Another way in which waterjet and abrasive waterjet cutting are starting to move away from the traditional two-dimensional applications is in the forming of blind holes. It is well known that the two cutting processes are capable of starting a cut away from the edge of the workpiece by first piercing through the material, but some users and researchers are starting to create blind holes by stopping the flow before the hole has penetrated to the far side of the material. Currently the challenge is to control the shape and depth of the hole, but progress is being made in this area.
For product designers, it could be argued that the most significant development in waterjet and abrasive water jet cutting in the last five years relates to improved machine productivity and, therefore, a more cost-effective process. Nevertheless, the use of five- and six-axis robots also creates new opportunities, and the pocketing functions currently being developed are likely to make waterjet and abrasive waterjet cutting even more versatile in the near future.
Aerospace technology solves Easter egg problem
After developing an innovative spraying technology for decorating chocolate Easter eggs, Thorntons realised it did not have a reliable way to cut spraying masks from 1.5 mm thick polycarbonate, as most cutting technologies either melted or damaged the material. The company therefore approached the UK's Nottingham University.
Twelve months previously experts in the university's School of Mechanical, Materials and Manufacturing Engineering had joined forces with Rolls Royce, the East Midlands Development Agency and the Midlands Aerospace Alliance to establish what was believed to be Europe's first waterjet machining technology centre. The €1.4 million (£1.1 million) centre houses equipment including a six-axis computer-controlled waterjet machine. One of the most advanced of its type in the world, the machine can carve cavities and cut almost anything.
Philip Shipway, Professor of Engineering Materials, said: "The attributes of waterjet technology make it the method of choice in certain circumstances, particularly when heat and high forces need to be avoided. When we were approached by Thorntons, we could see immediately that we had a technology that fitted the bill. That is not to say there were not challenges to be overcome, but a combination of ingenuity and hard work by all involved has enabled us to deliver a first-class solution. Thorntons benefits, and we have developed our know-how; everyone wins."

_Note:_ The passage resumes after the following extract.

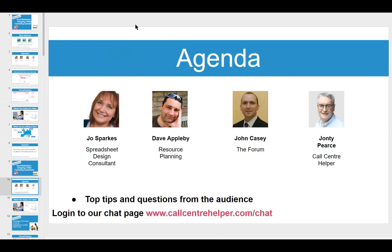We're also delighted to introduce John Casey from the forum, previously known as the Professional Planning Forum. John has been a real driving force behind making the contact center industry more professional, setting up the degree course in contact center planning and management, with a master's possibly in the pipeline.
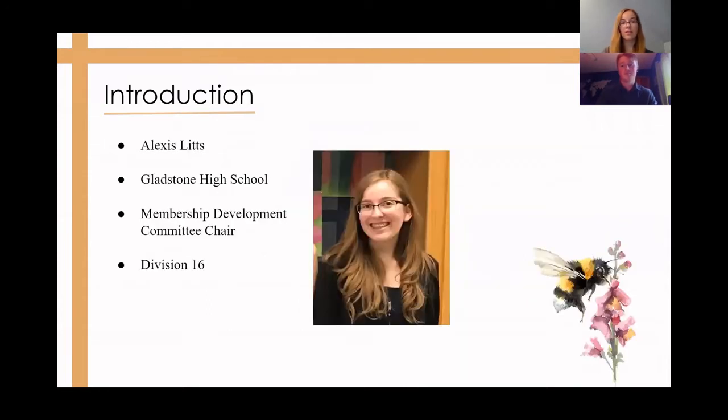Hi, I'm Alexis Lutz, the Membership Development Committee Chair. I go to Gladstone High School and I'm part of Division 16.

David Brealey, a chocolatier at Thorntons, added: “We have been working with a spraying company on developing a machine that will allow us to spray chocolate as a decoration; the difficulty we experienced was when we tried to make stencils for our Easter eggs. Trying to cut 1.5 mm polycarbonate over the curvature of an Easter egg was causing the development team a real headache. We had tried pretty much every method of cutting available and found water jet cutting to be the most successful. The problem was getting the cut to follow the curve of the egg. Luckily for us our local university had this state-of-the-art six-axis cutter and initial trials proved very successful. Without the technology and support of the university, the potential of the spraying system would have been very limited.”